I am trying to optimize the performance of a MPI+CUDA benchmark called LAMMPS (https://github.com/lammps/lammps). Right now I am running with two MPI processes and two GPUs. My system has two sockets and each socket connects to 2 K80. Since each K80 contains 2 GPUs internally, each socket actually connects to 4 GPUs. But I am only using 2 cores in one socket and 2 GPUs (1 K80) connected to that socket. The MPI compiler is MVAPICH2 2.2rc1 and the CUDA compiler version is 7.5.

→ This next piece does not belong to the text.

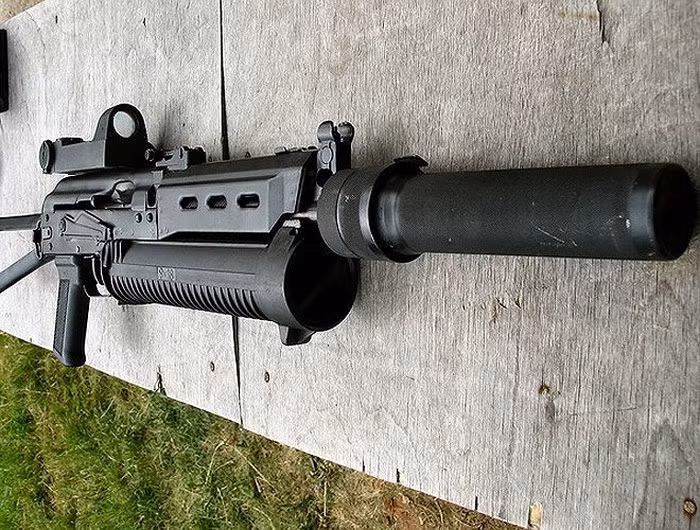 Nguyên mẫu của Bizon không có ray Picatinny để gắn thêm phụ kiện, tuy nhiên xạ thủ vẫn có thể trang bị thêm các ray này bằng hệ thống đai kẹp tương tự như trên súng AK.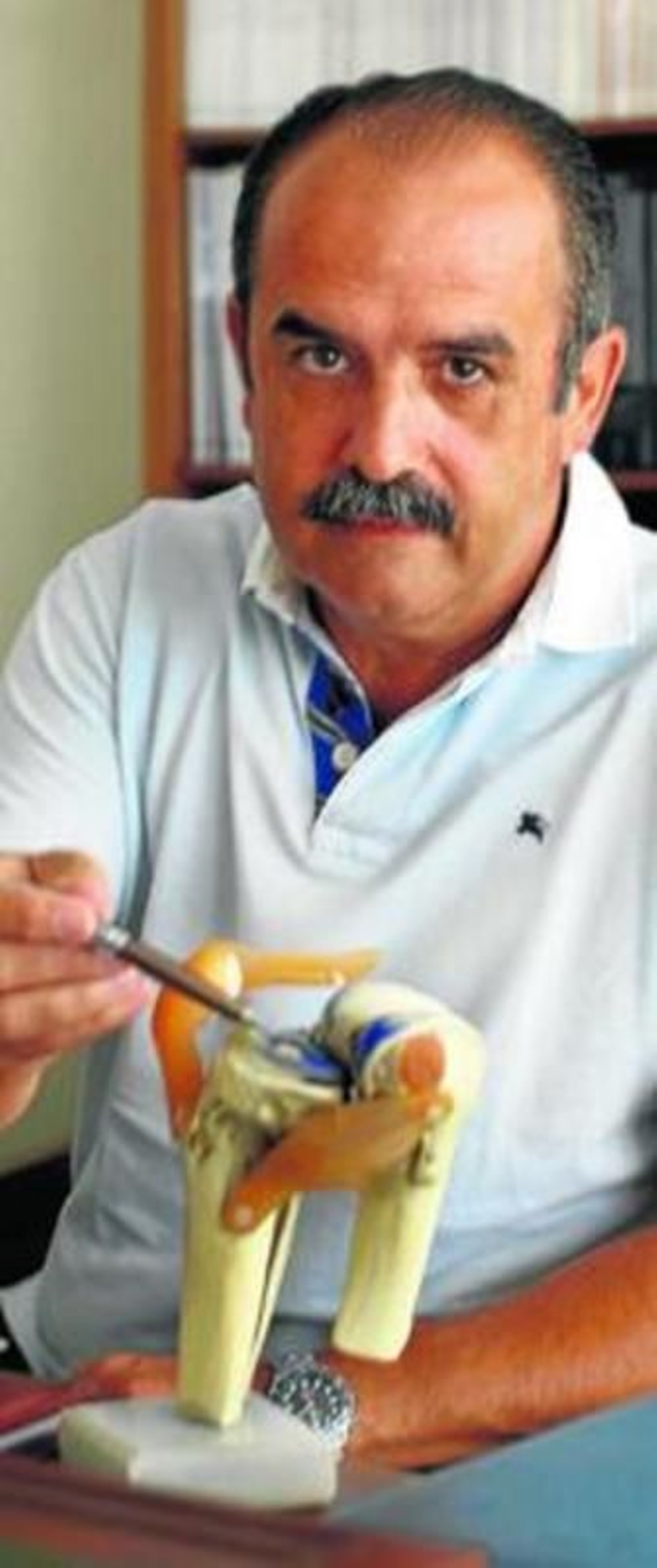 El traumatólogo Alejandro Espejo muestra cómo es una rodilla.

That was the background. I profiled the application and found the communication was the performance bottleneck. And I suspect it is because no GPUDirect technique was applied. So I switch to MVAPICH2-GDR 2.2rc1 and installed all other required libraries and tools. But MVAPICH2-GDR requires Infiniband interface card which is not available on my system, so I have runtime error "channel initialization failed. No active HCAs found on the system". Based on my understanding, the Infiniband card is not required if we only want to use the GPUs within 1 K80 on one node, because K80 has an internal PCIe switch for those two GPUs. These are my doubts. To make the questions clear, I list them as follows:
In my system, one socket connects to two K80. If two GPUs in one K80 need to communicate with the GPUs in another K80, then we must have IB card if we want to use GPUDirect, is that right?
If we only need to use the two GPUs within 1 K80, then the communication between these two GPUs does not require IB card, right? However, MVAPICH2-GDR requires at least one IB card. So is there any workaround to solve this issue? Or I have to plugin a IB card on the system?